On Wed, Apr 28, 2021 at 12:08 PM Tony Finch <dot at dotat.at> wrote:

> Edwardo Garcia <wdgarc88 at gmail.com> wrote:
> >
> > Many year ago we set up DNSSEC, our key were generated with sha1 as was
> > recommended way back all them years. We too are not DNSSEC guru, so some
> > answer may be simple
>
> Well, you are going to do an algorithm rollover, which is one of the more
> tricky things you can do with DNSSEC. So, plan to do some testing, a trial
> run, with a spare zone that you can break without worrying.
>
> If you like to understand things by getting an idea of the wider context
> then there are a couple of RFCs on the general subject of key rollovers.

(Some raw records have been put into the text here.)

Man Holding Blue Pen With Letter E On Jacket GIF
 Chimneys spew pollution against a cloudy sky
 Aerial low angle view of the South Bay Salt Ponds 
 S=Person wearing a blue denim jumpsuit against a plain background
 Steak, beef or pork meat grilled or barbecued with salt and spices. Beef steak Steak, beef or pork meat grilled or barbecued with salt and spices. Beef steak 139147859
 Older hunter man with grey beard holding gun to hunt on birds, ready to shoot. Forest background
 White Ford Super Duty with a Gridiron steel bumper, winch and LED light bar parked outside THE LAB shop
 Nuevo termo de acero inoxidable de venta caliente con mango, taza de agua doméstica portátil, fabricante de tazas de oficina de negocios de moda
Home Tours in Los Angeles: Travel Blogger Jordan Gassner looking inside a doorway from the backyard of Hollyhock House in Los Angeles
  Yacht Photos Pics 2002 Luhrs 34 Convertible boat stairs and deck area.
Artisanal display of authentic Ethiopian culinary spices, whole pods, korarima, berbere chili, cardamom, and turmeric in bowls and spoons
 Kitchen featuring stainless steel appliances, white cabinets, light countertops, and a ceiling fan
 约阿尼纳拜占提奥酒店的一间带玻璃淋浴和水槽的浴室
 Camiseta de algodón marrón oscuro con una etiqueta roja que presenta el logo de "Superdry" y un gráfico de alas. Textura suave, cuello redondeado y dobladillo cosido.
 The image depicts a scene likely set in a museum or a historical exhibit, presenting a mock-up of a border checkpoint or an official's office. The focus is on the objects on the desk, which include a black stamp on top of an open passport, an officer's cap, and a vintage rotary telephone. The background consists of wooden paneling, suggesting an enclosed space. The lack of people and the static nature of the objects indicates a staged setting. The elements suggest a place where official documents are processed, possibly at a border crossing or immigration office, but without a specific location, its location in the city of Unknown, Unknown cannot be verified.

> The parts that are most relevant are the algorithm rollover section in RFC
> 6781 and the double-KSK section in RFC 7583.
>
> https://tools.ietf.org/html/rfc6781
> https://tools.ietf.org/html/rfc7583
>
> DNSSEC has got easier since those RFCs were written, so you might as well
> just skip to the howto bits below :-) It turns out, I wrote most of this
> reply over a year ago...
>
> > Also we use ZSK -b 1024 and KSK -b 4096
> > even modern google from apnic show example  ZSK of only 1024? is this
> still
> > secure?
>
> The current recommendation for DNSSEC algorithms is:
>
>   * you already know you want to choose something based on sha256 - it's
>     secure enough, so there's no need for bigger hashes
>
>   * ecdsa-p256-sha256 (13) is the best choice, because it is widely
>     supported and produces small signatures
>
>   * if you must use RSA, use 2048 bit keys for both zsk and ksk. 1024 bits
>     is not secure; 2048 has a roughly comparable security level to sha256
>     (112ish bits vs 128 bits); 4096 is big and slow and probably not worth
>     the cost
>
>   * I would like to be able to deploy ed25519 (a better elliptic curve
>     than p256) but it is not yet supported well enough
>
> > Is best practise for doing this, replacing the keys completely, more or
> > less like start fresh again?
> >
> > We do use inline signing and automatic maintain.
>
> I did a wholesale algorithm rollover from RSASHA1 to p256 around the end
> of 2019 and I wrote an algorithm rollover guide for colleagues in other
> parts of our university who run their own DNS. It's basically three steps
> with lots of waiting in between:
>
> https://www.dns.cam.ac.uk/news/2020-01-15-rollover.html
>
> The "Semi-automated DS updates" section probably isn't relevant to you,
> and the "Future" section has been made obsolete by dnssec-policy. But the
> rest of it should guide you through the essentials.
>
> (Also, the RIPE NCC does now support CDS records.)
>
> And use these DNS checking services to verify that it is working as
> expected:
>
> https://dnsviz.net/
>
> https://zonemaster.net/
>
> Tony.
> --
> f.anthony.n.finch  <dot at dotat.at>  https://dotat.at/
> Rattray Head to Berwick upon Tweed: North or northeast 4 or 5,
> occasionally 3 later. Slight or moderate. Showers. Good.